But today, the cost of materials is cheap, the inefficiency of the copyright system is immense, and some radical change seems inevitable. A common person can go to www.youtube.com and type in the name of a favourite band, and watch many dozens of rare and sometimes beautiful videos, most of which the marketplace never made available at the music store at any price. The market does not deserve to compete under those conditions of sale. Some online subscription services offer access to millions of songs for a monthly fee, a better option - but backroom deals and arbitrary restrictions would surely choke the life out of these services if there were less pressure from illegal alternatives.
One option, still pursued by many litigators, is to redefine our notion of freedom of speech. To host a service that allows two people to talk to one another unobserved would be forbidden. To write a program that allows two people to host such a service would be forbidden. Free speech would begin with a censor, by the grace of whose paid services two parties might be recruited to the conversation, after their content has been approved.
The other option is that we redefine our mechanism of compensation for authors. Any nation could allow the creation of a "duty free zone", in which companies could allow the posting of any and all copyrighted material viewable to those who have paid a fee for the right to access it without restriction. The number of downloads and the ratings given to them by the downloaders would be used to determine how those fees are divided among the creators. The yearly fee would be such to guarantee a fixed percentage of the GDP or consumer spending was allocated to content creation as other copyright proceeds were lost to this mechanism, and could be graded to income like the income tax or according to prior data on entertainment spending as a function of income. Eventually, the mechanism could become universal; people would treat these proceeds as a portion of income tax which they are entitled to allocate the spending of based on their individual preferences.

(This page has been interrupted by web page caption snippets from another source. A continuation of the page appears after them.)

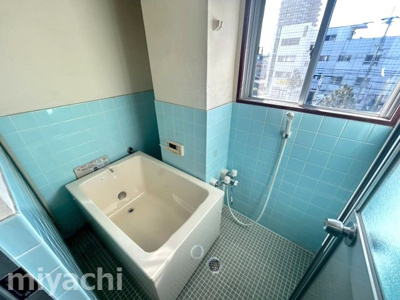 【浴室】 | エクセルハイツ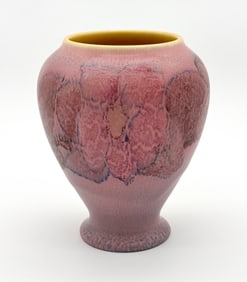 Katherine Jones Rookwood Pottery Vase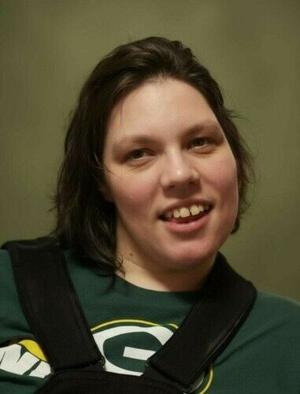 Stacie Dahmen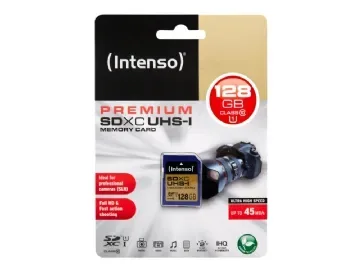 Intenso Premium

The second option is worrisome, but surely better than the first, and possibly better than a broken system that eventually may not guarantee artists enough compensation to support any grand effort. The advantages would be universal access to content and compensation for artists. The sticking point is that the middlemen would lose dramatically - the people who pay radio stations to play songs, who demand humiliating concessions to decide who to promote as a superstar, who spend their time plotting lawsuits to ban freedom of speech, the sort of people to whom Freddie Mercury once dedicated a song (see http://www.youtube.com/watch?v=RvoPzvQPBWo&feature=related ) - these people would lose. And isn't it about time for that?
Posted by: Mike Serfas | Friday, 26 September 2008 at 06:21 PM
@Mike Serfas.
I kind of agree with your initial paragraph.

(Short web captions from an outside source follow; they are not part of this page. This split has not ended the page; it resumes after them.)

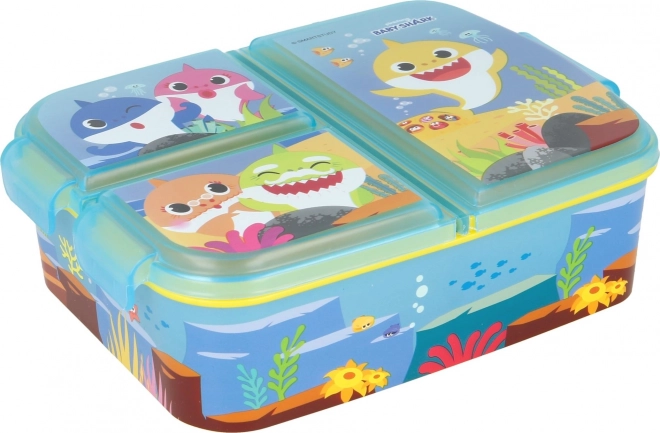 Baby Shark Lunch Box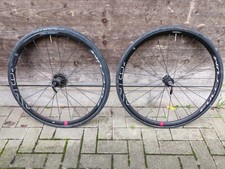 Fulcrum Racing 6 DB - Laufradsatz - Gravelbike, Cyclocross, Rennrad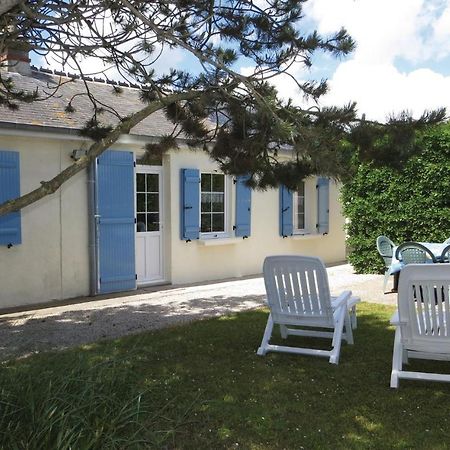 Cozy Home In Lestre With Wifi Quinéville Exterior foto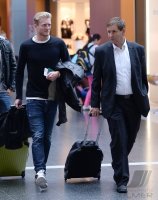 Fussball International: Andre Schuerrle (FC Chelsea London)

I've often thought that a good way for artists to maximise their sales would be to offer better product. I'm not meaning the actual music, but the offering in general.
When in the early nineties added value meant releasing singles in two versions the poor consumer felt ripped off.

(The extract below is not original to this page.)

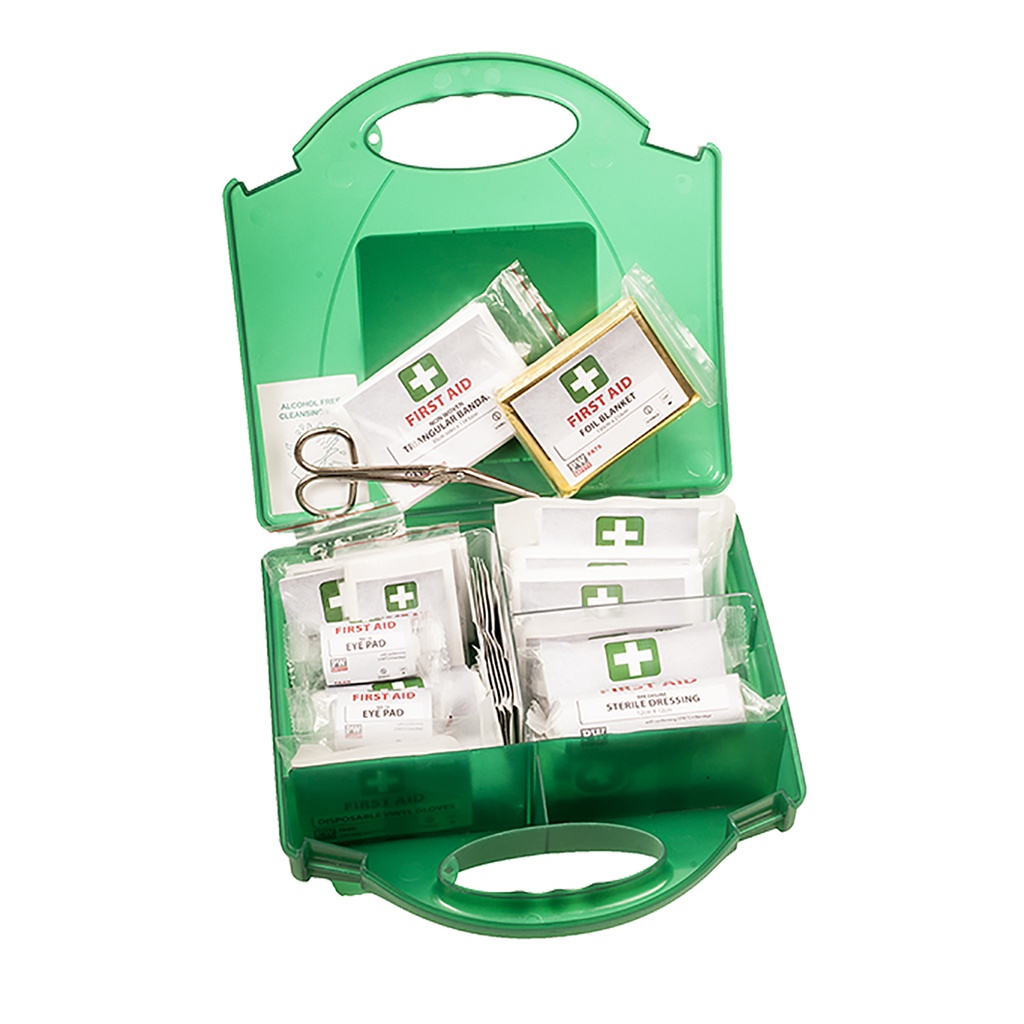 [FA11] Workplace First Aid Kit 25+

Added value would be including some video, booklets, whatever. And there appears to be just that sort of thing developing now.
The industry needs to react to it's audience change rather than begin suing them.
Posted by: WiredScience | Monday, 13 October 2008 at 10:32 PM
UHH remember when everyone had CDs and you would share it with your friend or burn a copy for him or her? Whats different here? People are sharing what they've bought. Its like saying i bought this cake but no one can have any of it because i bought it. No, you bought it, you can share it. Im not an anti capitalist, stick it to the man person but whats wrong with sharing?